■ Exercise prompt
The expected output is each line from the one containing "2210 HUNTER PL SE, Washington, DC 20020" to the last line of the data below, set down exactly, minus the pictures.

##### Task data #####

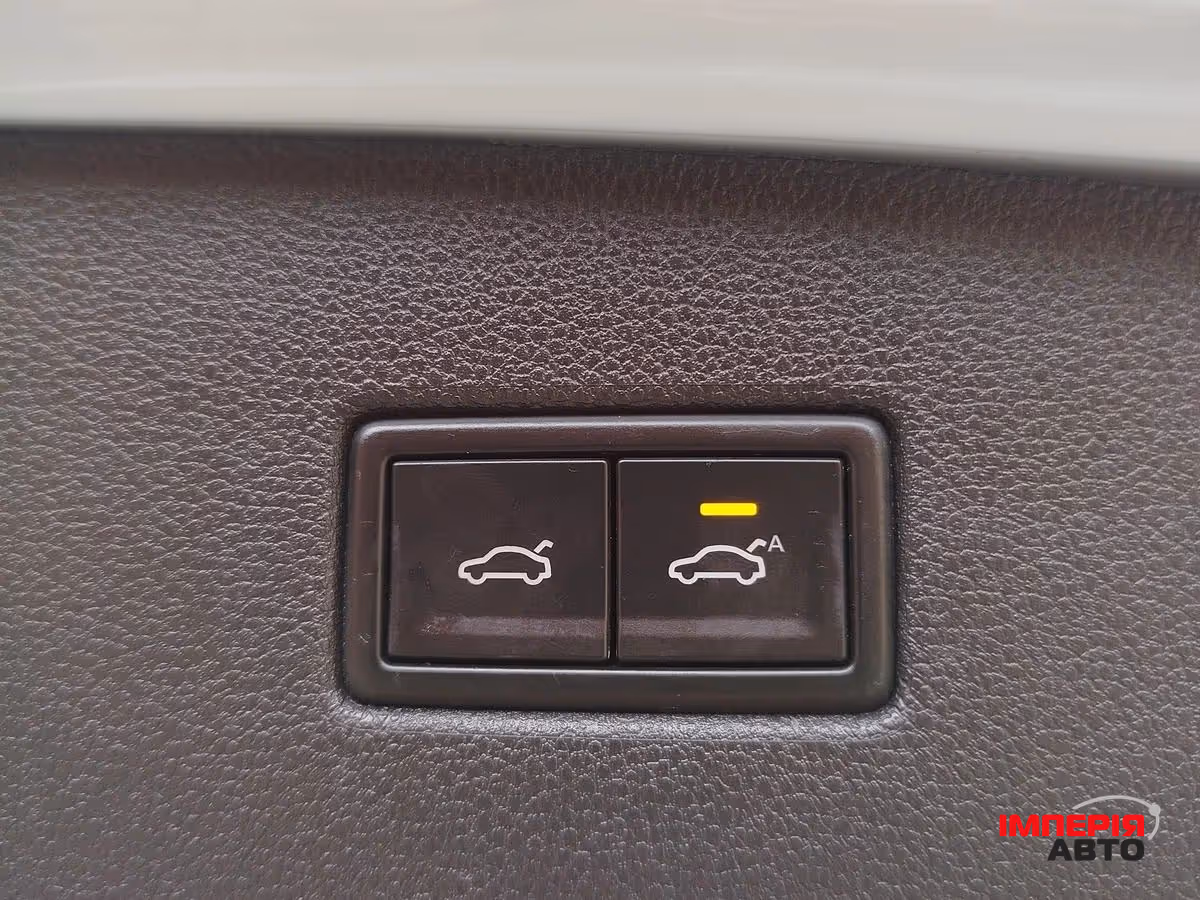 Volkswagen Tiguan - фото 11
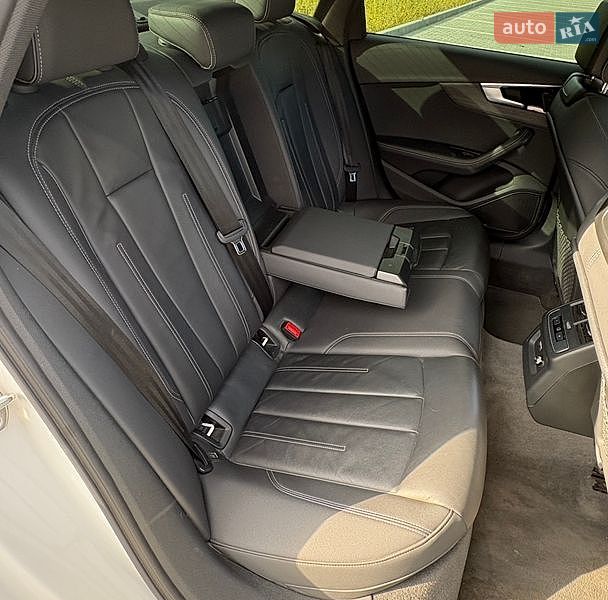 Седан Audi A4 2023 в Хмельницькому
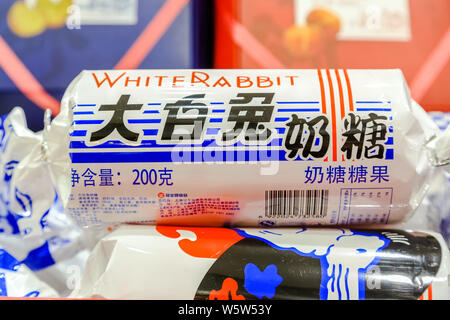 ---- White Rabbit Creamy Candies sind für den Verkauf in einem Laden in Shanghai, China, 17. März 2016. Warner Brothers' Bugs Bunny kann leicht seine fe Überstrahlen Stockfoto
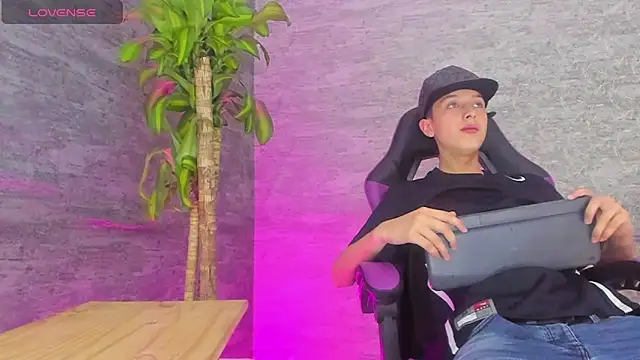 ArthurCox online show from 09/23/25, 05:38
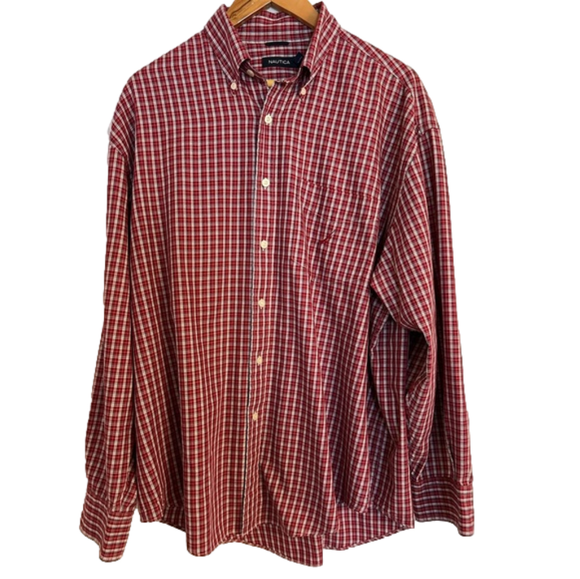 Men’s Nautica XL Red Plaid Long Sleeve Button Down Shirt - Picture 1 of 4
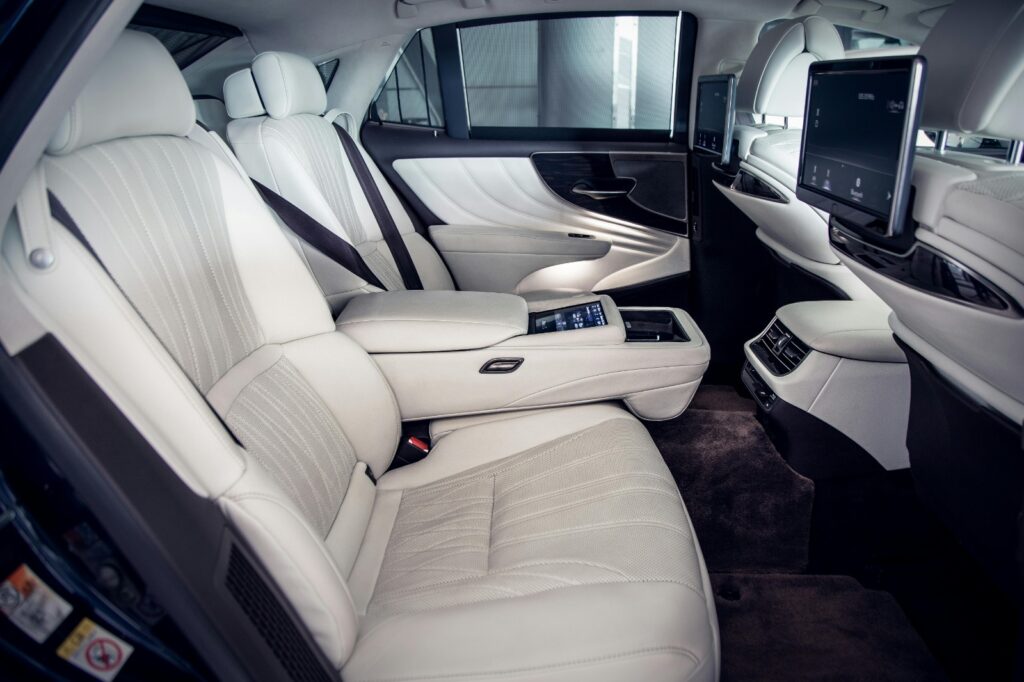 How Riderzone Chauffeurs Navigate Rush Hour in Dubai: Tips for Avoiding the Crush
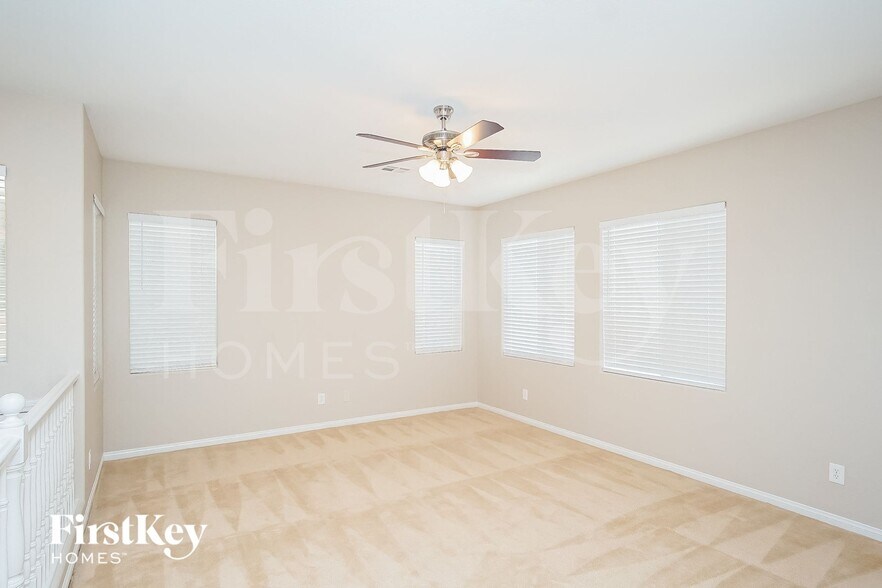 Building Photo - 8688 Pico Grande Ct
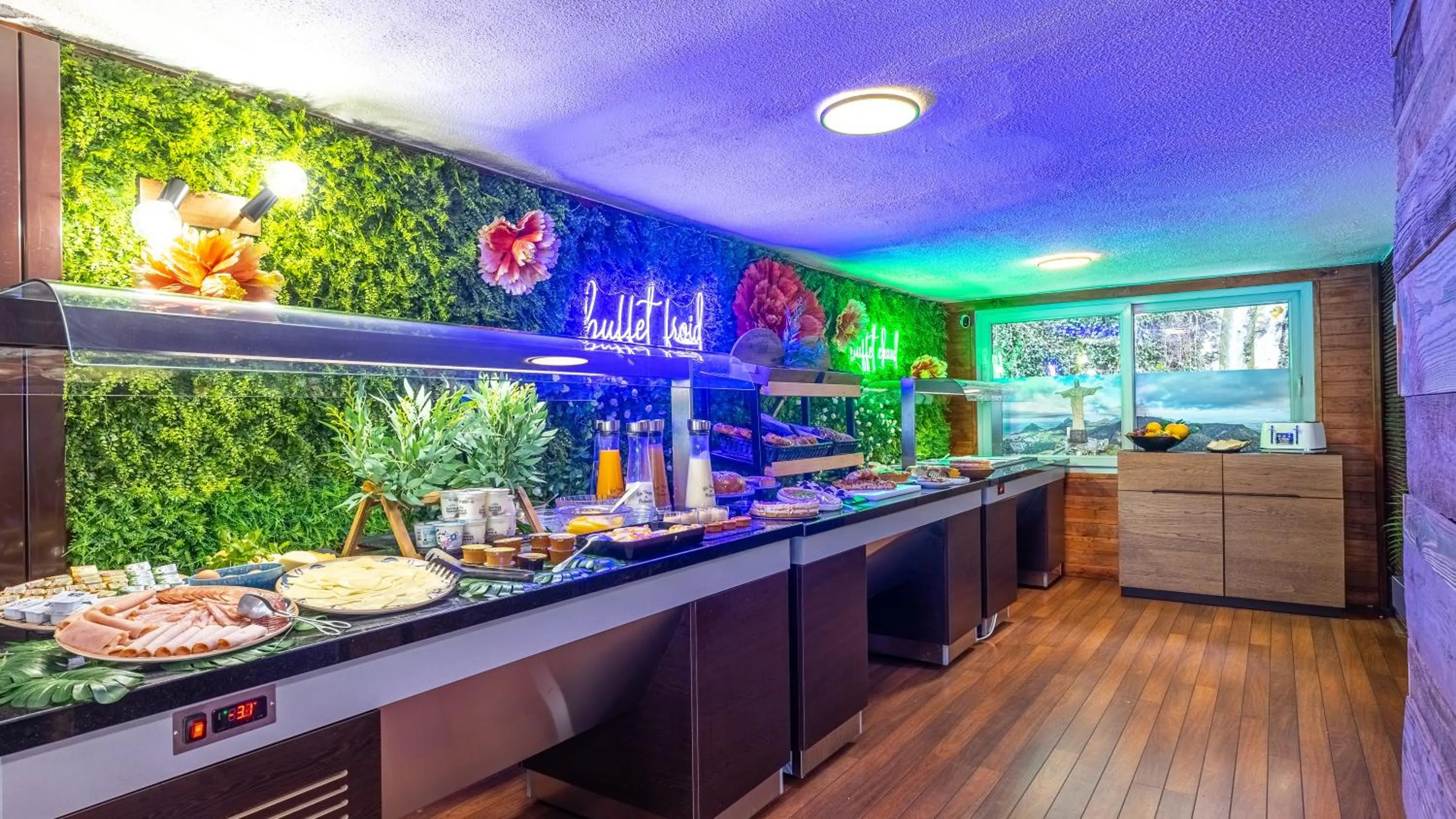 Breakfast in Hôtel du Poète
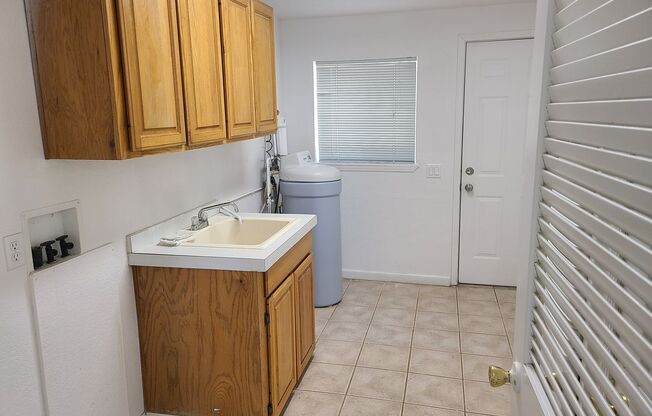 3 beds, 2 baths, $2,350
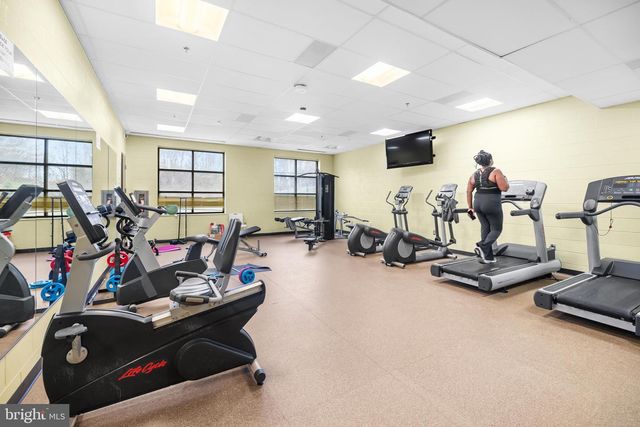 2210 HUNTER PL SE, Washington, DC 20020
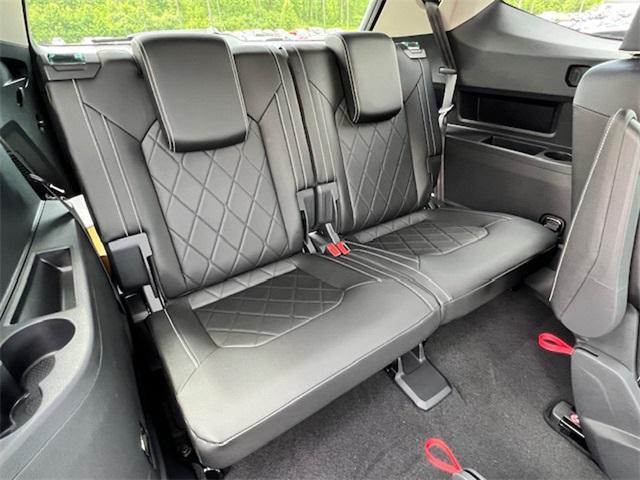 new 2025 Volkswagen Atlas car, priced at $54,175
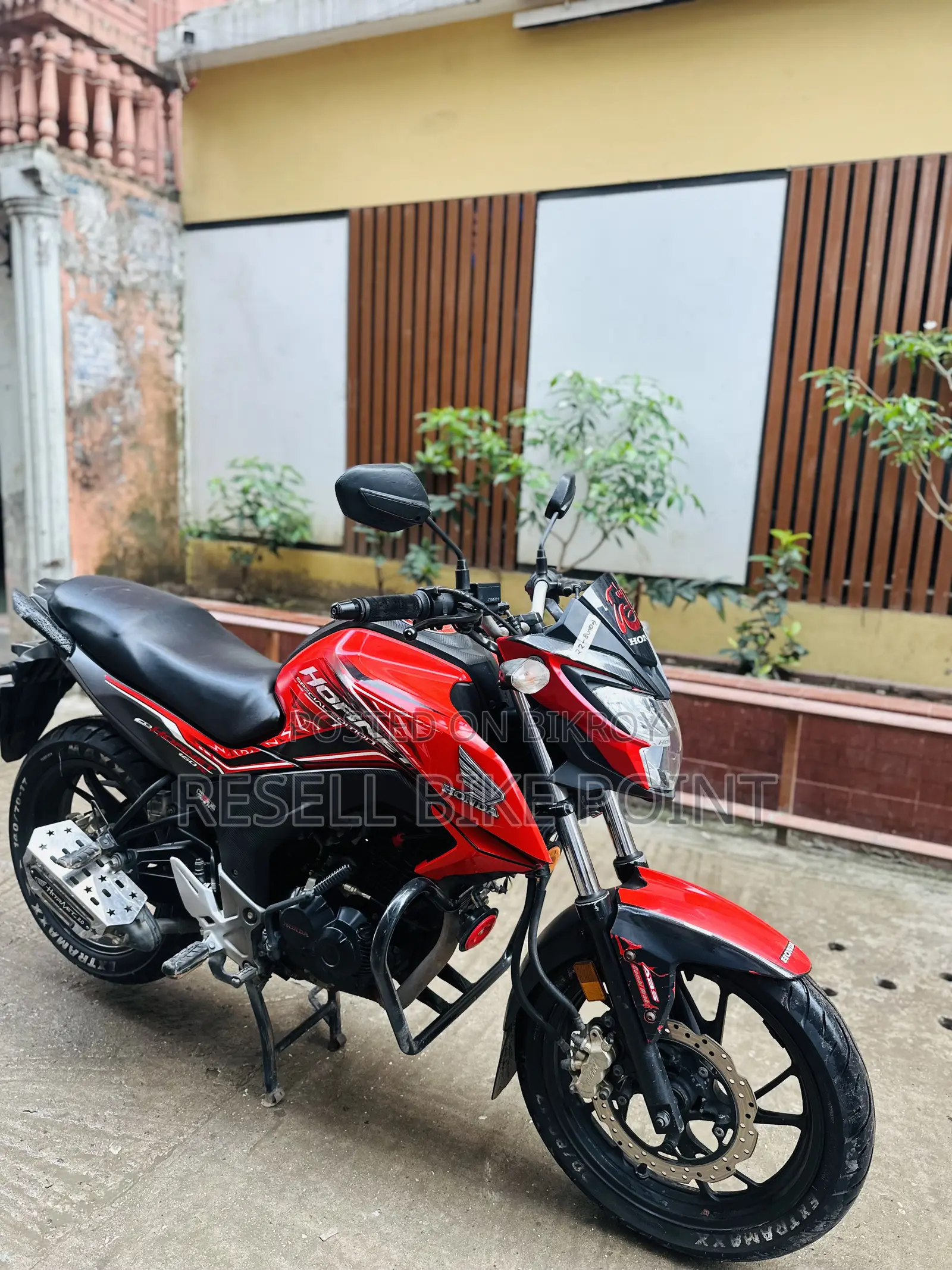 হোন্ডা হর্নেট ২০২০ লাল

#####

■ Written solution
 2210 HUNTER PL SE, Washington, DC 20020
 new 2025 Volkswagen Atlas car, priced at $54,175
 হোন্ডা হর্নেট ২০২০ লাল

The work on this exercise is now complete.